Your objective: Your copy should repeat each record below exactly and contain no images.

Web page caption snippets:

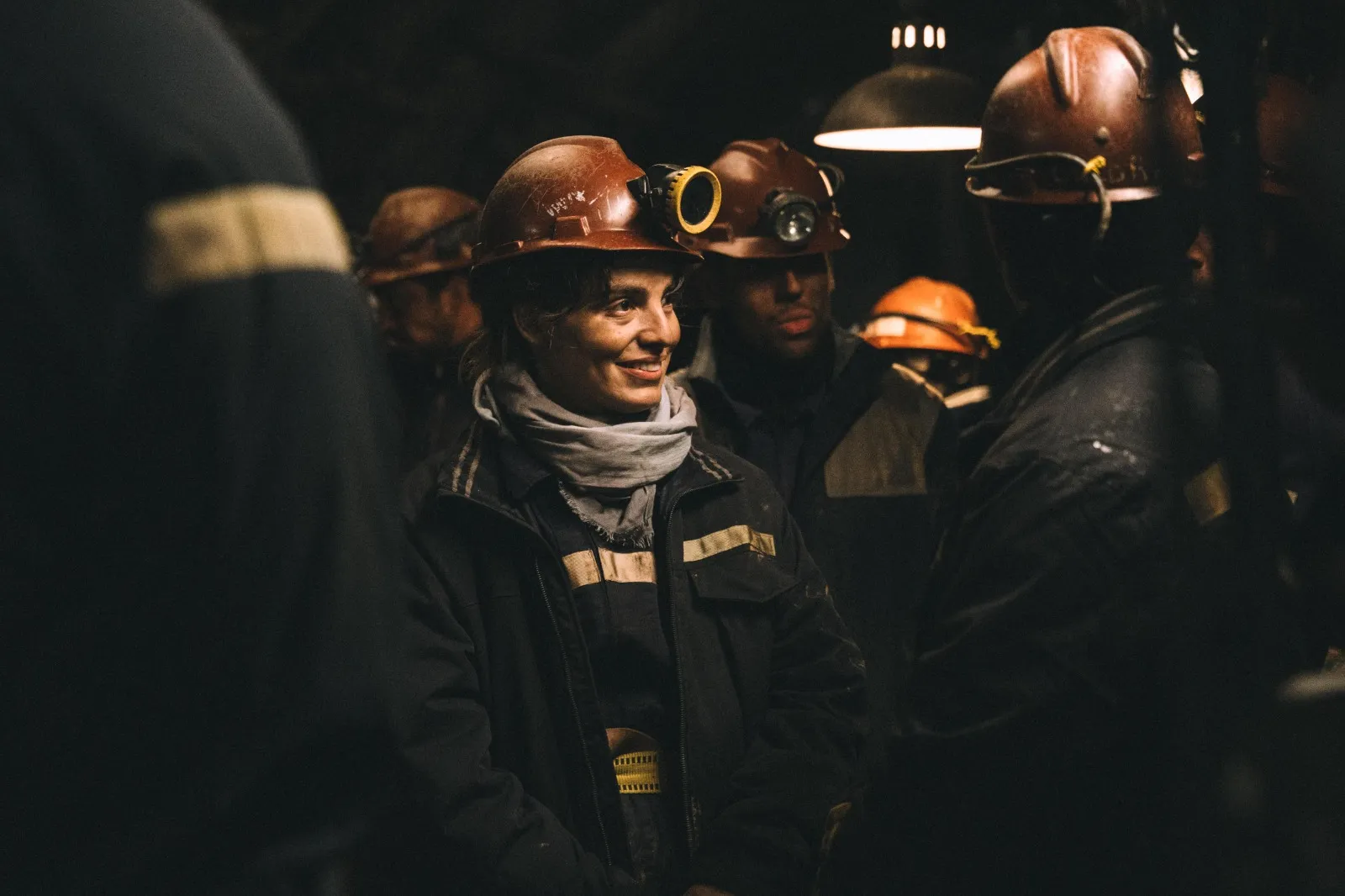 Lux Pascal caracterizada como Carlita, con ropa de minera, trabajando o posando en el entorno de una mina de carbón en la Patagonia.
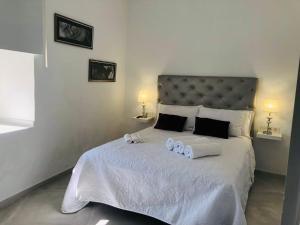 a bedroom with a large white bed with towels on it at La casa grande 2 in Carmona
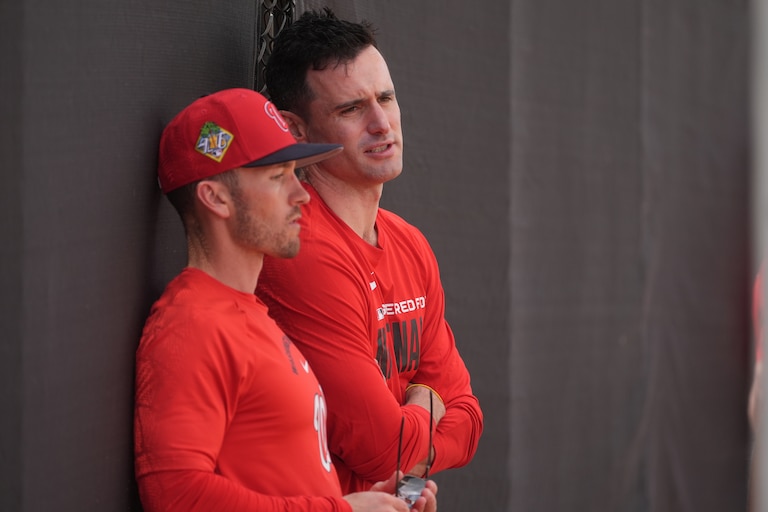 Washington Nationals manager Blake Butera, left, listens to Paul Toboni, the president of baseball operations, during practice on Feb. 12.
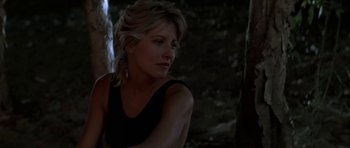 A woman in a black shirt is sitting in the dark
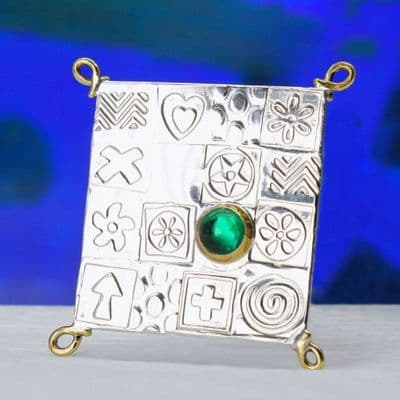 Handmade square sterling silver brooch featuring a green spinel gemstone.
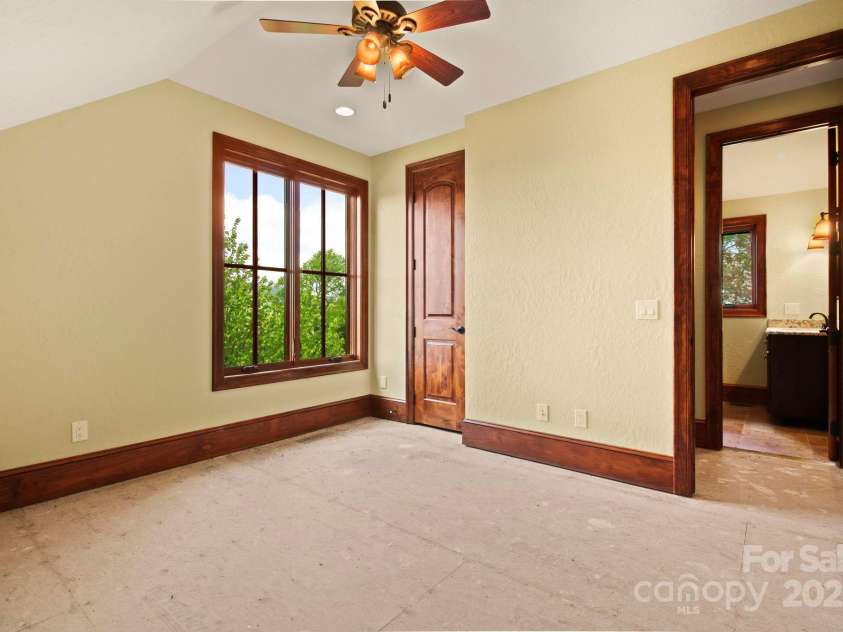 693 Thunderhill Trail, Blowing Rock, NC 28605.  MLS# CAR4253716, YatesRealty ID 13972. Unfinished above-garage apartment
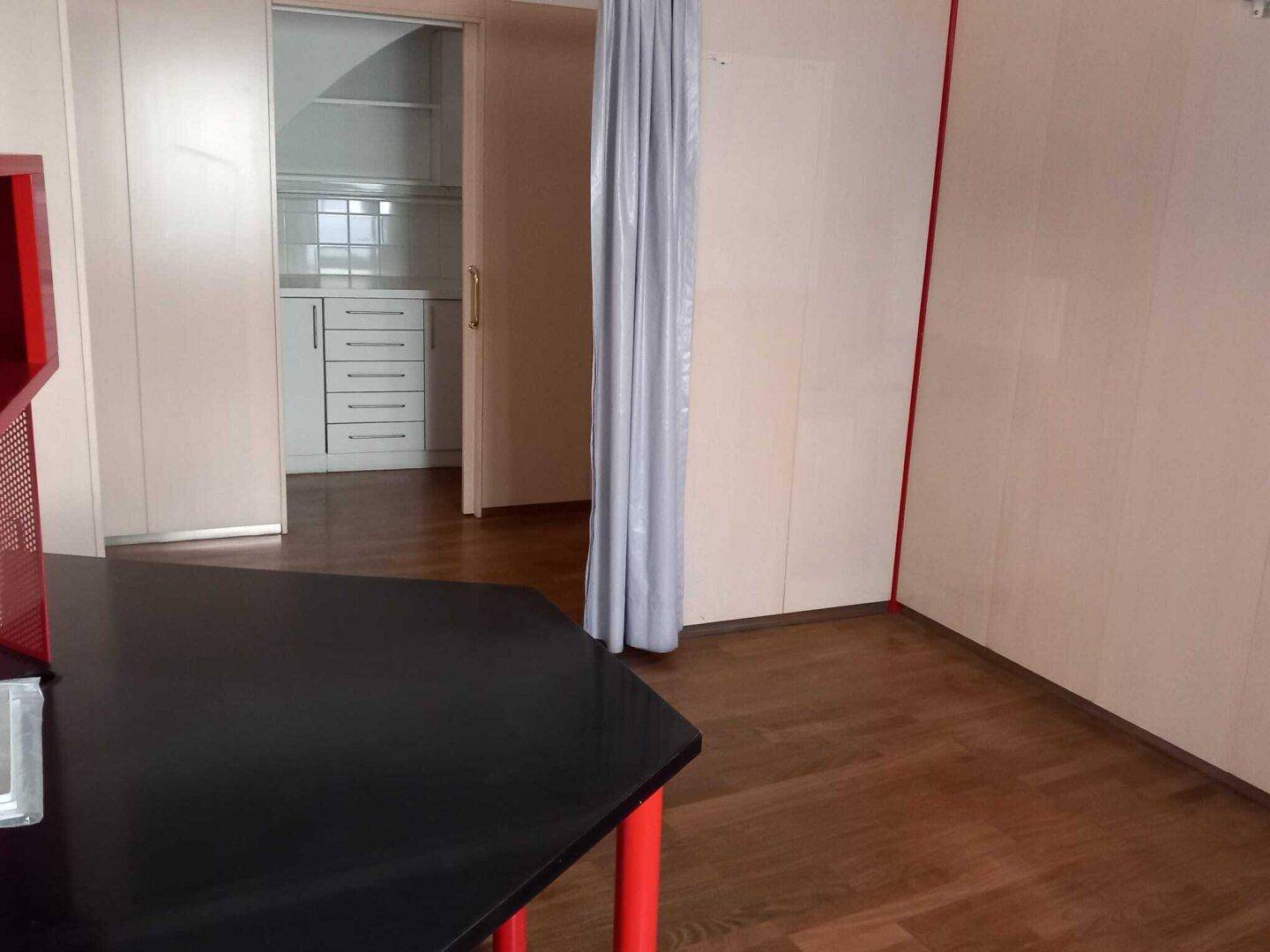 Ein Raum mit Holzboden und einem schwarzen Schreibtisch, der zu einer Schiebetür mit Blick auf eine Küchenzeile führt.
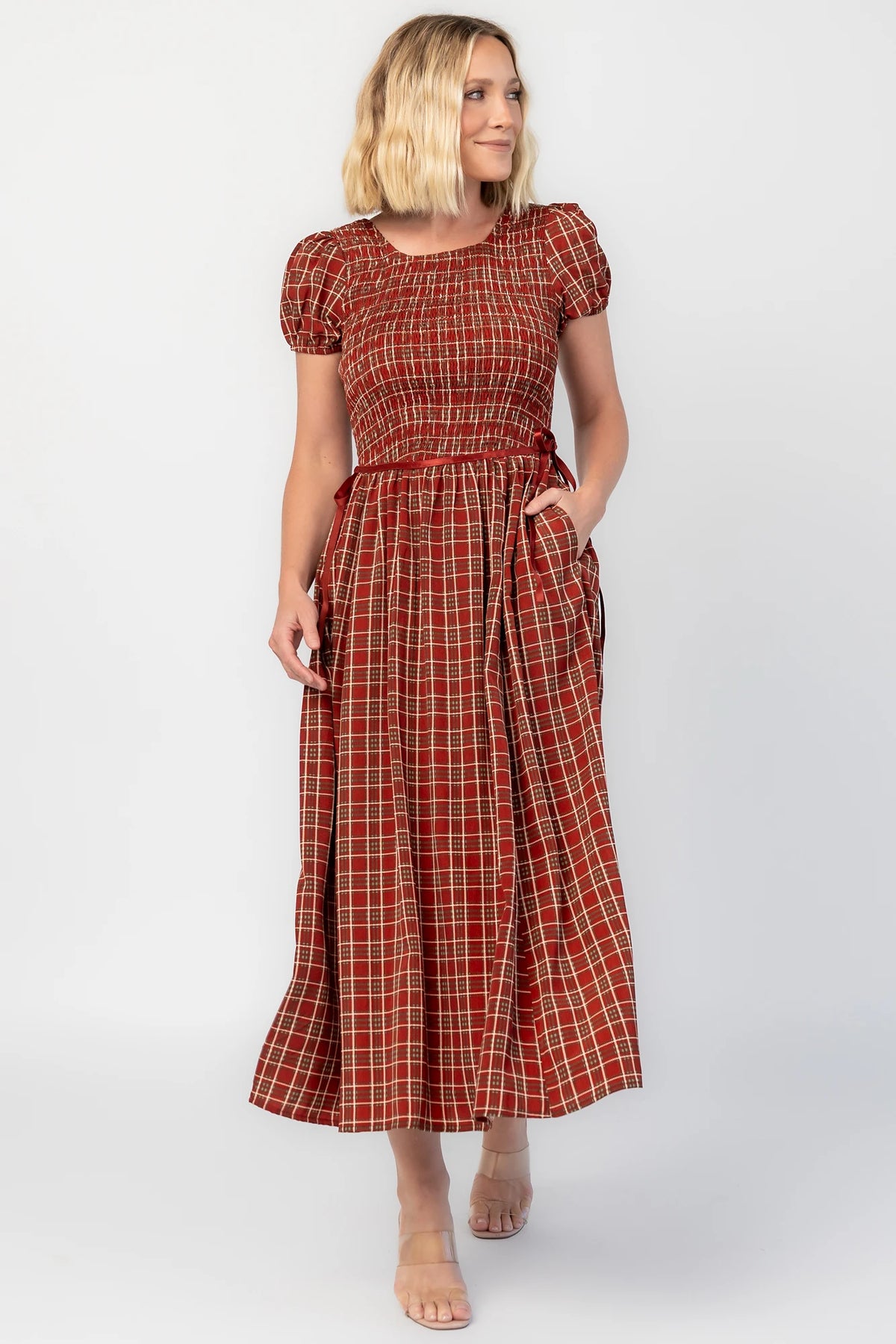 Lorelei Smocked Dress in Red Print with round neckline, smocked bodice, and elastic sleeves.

Task response:
 Lux Pascal caracterizada como Carlita, con ropa de minera, trabajando o posando en el entorno de una mina de carbón en la Patagonia.
 a bedroom with a large white bed with towels on it at La casa grande 2 in Carmona
 Washington Nationals manager Blake Butera, left, listens to Paul Toboni, the president of baseball operations, during practice on Feb. 12.
 A woman in a black shirt is sitting in the dark
 Handmade square sterling silver brooch featuring a green spinel gemstone.
 693 Thunderhill Trail, Blowing Rock, NC 28605.  MLS# CAR4253716, YatesRealty ID 13972. Unfinished above-garage apartment
 Ein Raum mit Holzboden und einem schwarzen Schreibtisch, der zu einer Schiebetür mit Blick auf eine Küchenzeile führt.
 Lorelei Smocked Dress in Red Print with round neckline, smocked bodice, and elastic sleeves.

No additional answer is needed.